Here America crashes into the Pacific. Mile after mile of rugged, jutting cliffs plummet into the foaming ocean. Below, whales migrate, seals bask on the golden beaches and brown pelicans skim across the waves. Above and behind, the cliffs fall back into steep undulating valleys, cut by crystal clear streams and lined by the tallest trees in the world, the giant redwoods. An incomparable place.

Into the cliffs is cut Highway 1, a winding, precipitous road which gives with every corner. Vista after vista after vista. This was laboured into the unforgiving landscape over a 20 year period and needs constant maintenance to counter nature’s lashing rain, bashing waves and the resultant landslides. Along the road lie a few lodges, a sprinkling of “local” locals, but little else. Inland from the road is true wilderness for 50 miles. It says a lot for the vastness of the USA that such a place can exist on the coast of California, the country’s most populous State.

Big Sur is a place where everything slows down. No mobile phone reception. No internet. No TV. No crowds. No street-lights. No stress. That constant niggling buzz of modern life dissipates, a weight lifts off your back and you feel relief. Your senses emerge from over-stimulation and, to their delight, heighten to the nature around you. The waves, the wind, the rustling trees, the river burbling over pebbles and an array of squawks from the air.

We stayed for two nights in small log cabins, one nestled by the Big Sur river, the other on a hillside complete with roaring log-fire. Each morning we woke with the sun to trek up into the forested valleys and down to the cliff hemmed beaches, each part of a National or State park and invariably manned by a “super friendly” ranger.

The weather is a major player here, one minute shrouding the cliffs in mist, at another breaking open to glorious sunshine. In between rainbows burst out across the valleys. Just such a phenomenon provided us with our quintessential Big Sur moment.

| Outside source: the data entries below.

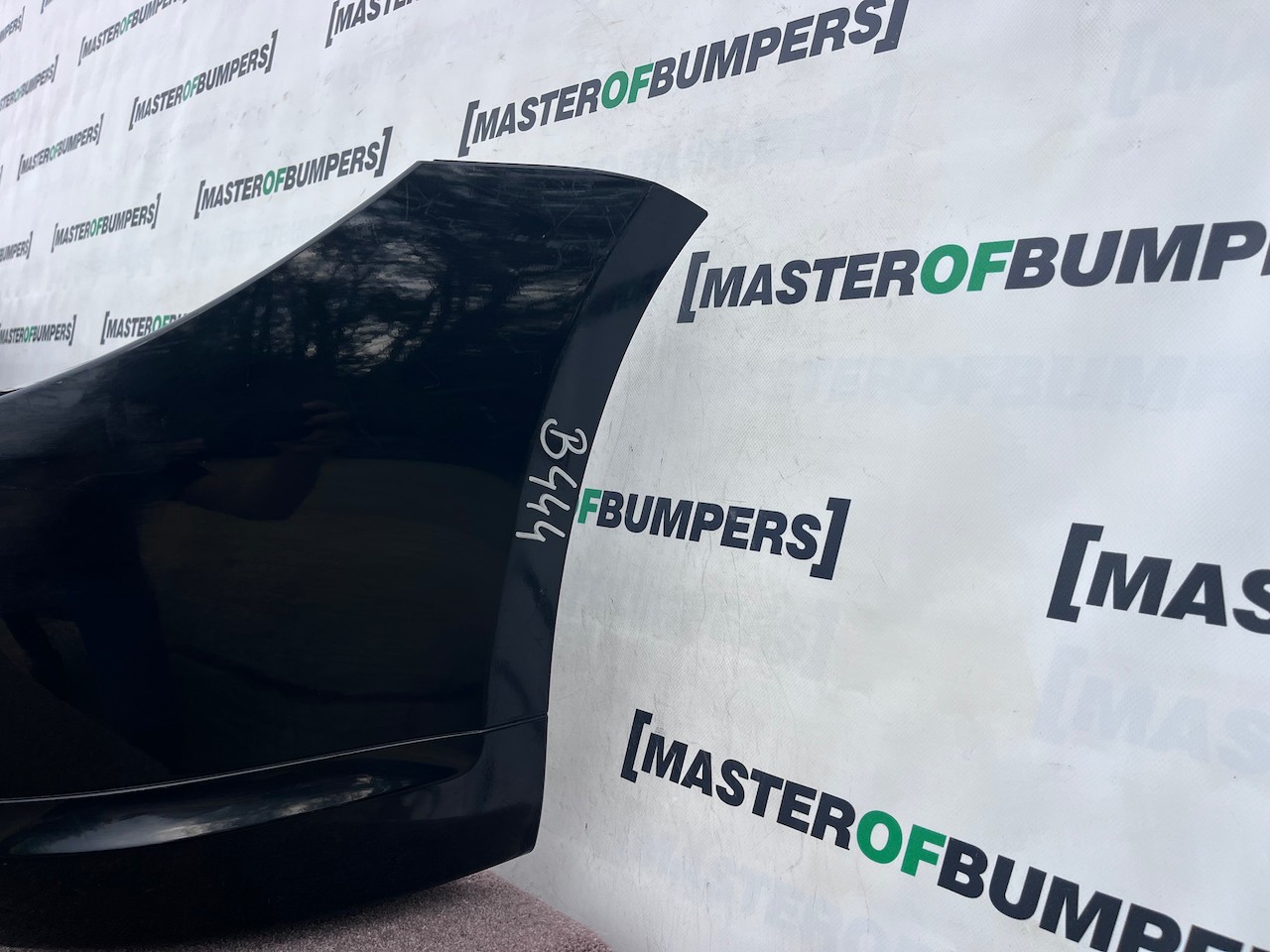 BMW 6 Series E62 E63 Coupe Cabrio 2003-2010 Front Bumper 4 Pdc Genuine [B444]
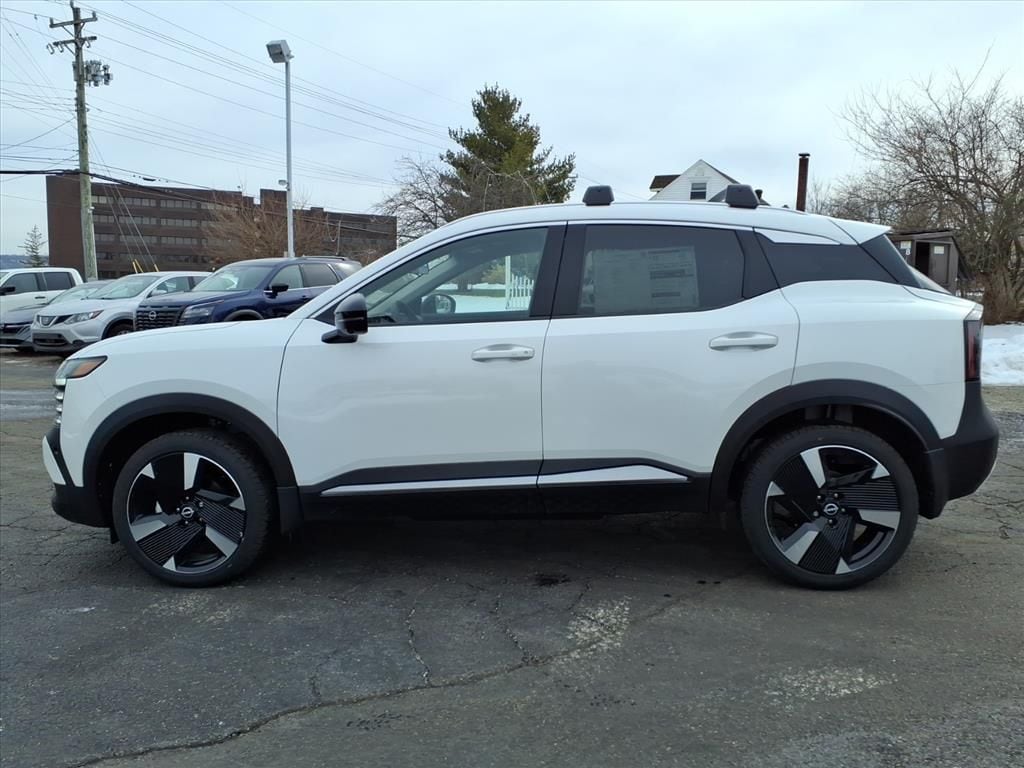 New 2026 Nissan Kicks SR SUV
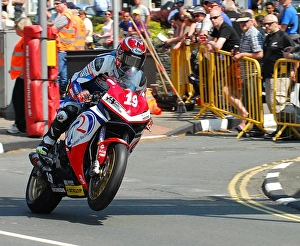 Steve Mercer Collection: Steve Mercer (Honda) 2016 Superstock TT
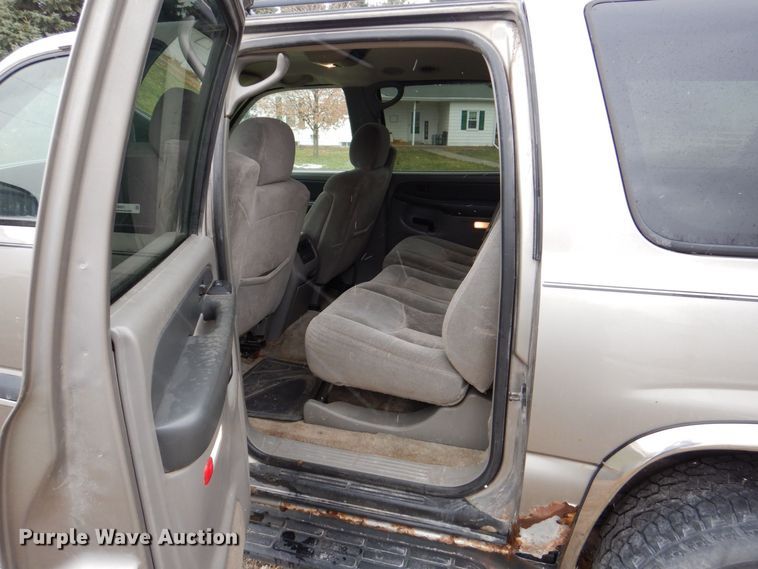 image for item MJ9851 2003 Chevrolet Suburban  SUV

Half way up a steep hillside as we came to the end of a trail we popped out on to a ledge to catch a view. Before us the land poured down to the ocean in a steep “V”, crossed by a vibrant rainbow. Taking a moment to draw in breath and the wondrous scene, the eye was drawn to a large bird soaring on the thermals over the hill. Closer and closer it came until, shit, could that be a Californian condor, the largest land bird in North America? It certainly was huge. On the other hand it could have just been a damn big turkey vulture. Either way, to complete the moment, it swooped down and right through the rainbow.

Henry Miller wrote that Big Sur is “the face of the earth as the Creator intended it to look”. I am not religious, but I can see what he was getting at.